* EXERCISE OBJECTIVE *
Please repeat the data exactly. Any picture in it stays out.

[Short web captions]
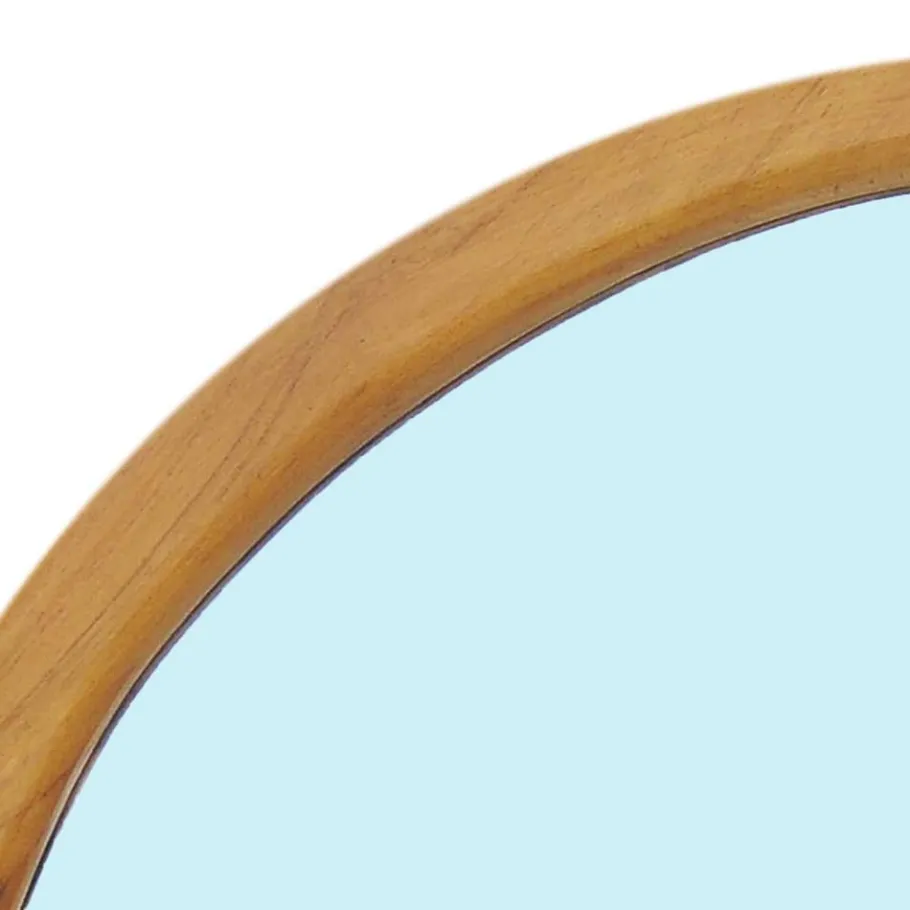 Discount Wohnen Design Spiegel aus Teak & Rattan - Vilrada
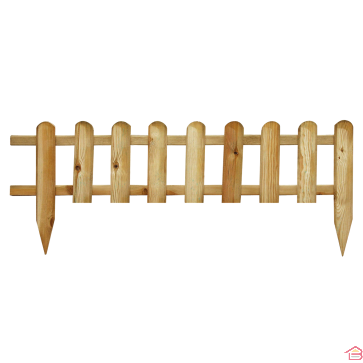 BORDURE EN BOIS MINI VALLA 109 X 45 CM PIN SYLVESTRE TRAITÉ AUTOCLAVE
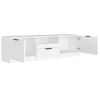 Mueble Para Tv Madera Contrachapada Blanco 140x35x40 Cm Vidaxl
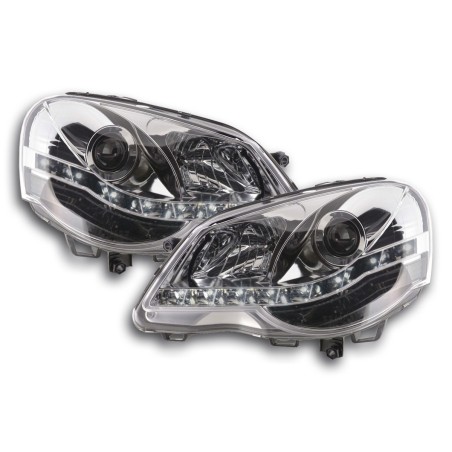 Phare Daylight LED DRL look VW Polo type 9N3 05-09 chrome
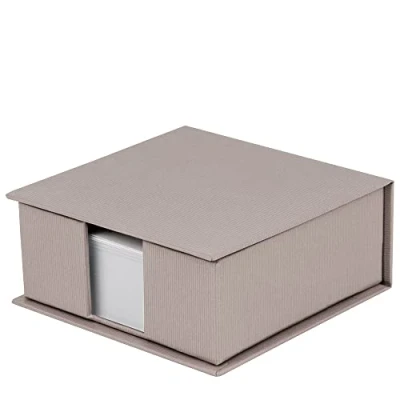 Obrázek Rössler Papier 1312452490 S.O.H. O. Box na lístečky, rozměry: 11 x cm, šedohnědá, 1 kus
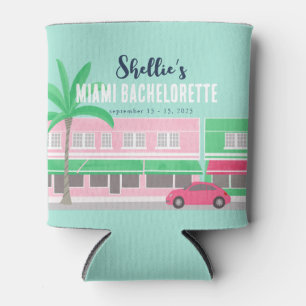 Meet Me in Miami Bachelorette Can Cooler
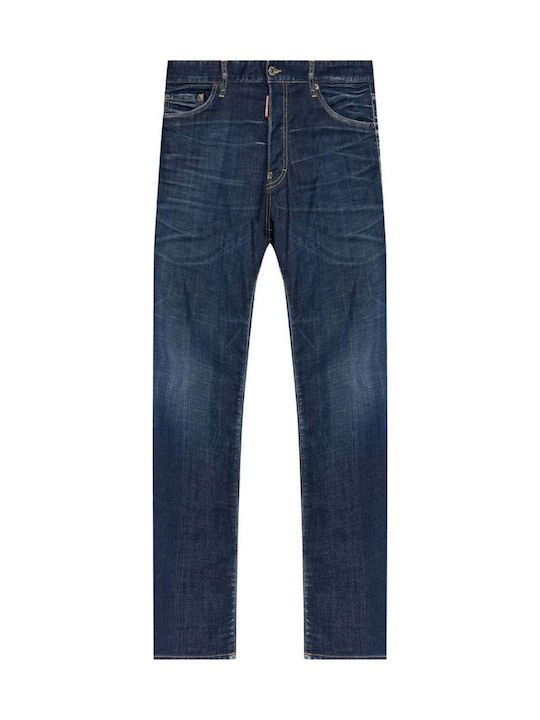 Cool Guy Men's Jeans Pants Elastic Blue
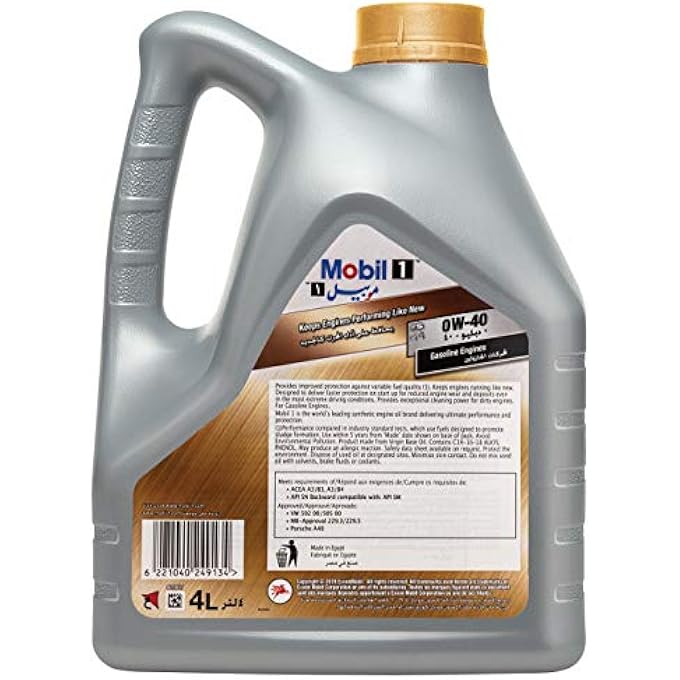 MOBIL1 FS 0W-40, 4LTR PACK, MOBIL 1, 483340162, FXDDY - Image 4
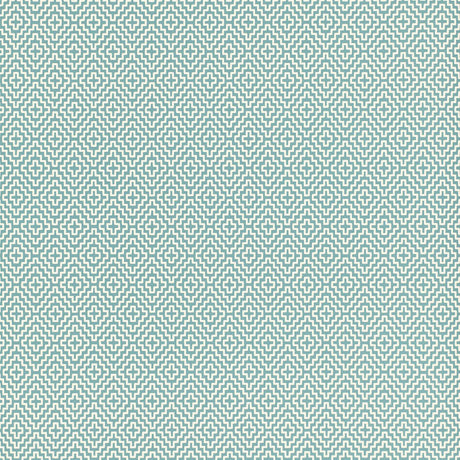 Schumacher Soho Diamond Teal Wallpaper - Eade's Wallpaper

* WRITTEN REPLY *
 Discount Wohnen Design Spiegel aus Teak & Rattan - Vilrada
 BORDURE EN BOIS MINI VALLA 109 X 45 CM PIN SYLVESTRE TRAITÉ AUTOCLAVE
 Mueble Para Tv Madera Contrachapada Blanco 140x35x40 Cm Vidaxl
 Phare Daylight LED DRL look VW Polo type 9N3 05-09 chrome
 Obrázek Rössler Papier 1312452490 S.O.H. O. Box na lístečky, rozměry: 11 x cm, šedohnědá, 1 kus
 Meet Me in Miami Bachelorette Can Cooler
 Cool Guy Men's Jeans Pants Elastic Blue
 MOBIL1 FS 0W-40, 4LTR PACK, MOBIL 1, 483340162, FXDDY - Image 4
 Schumacher Soho Diamond Teal Wallpaper - Eade's Wallpaper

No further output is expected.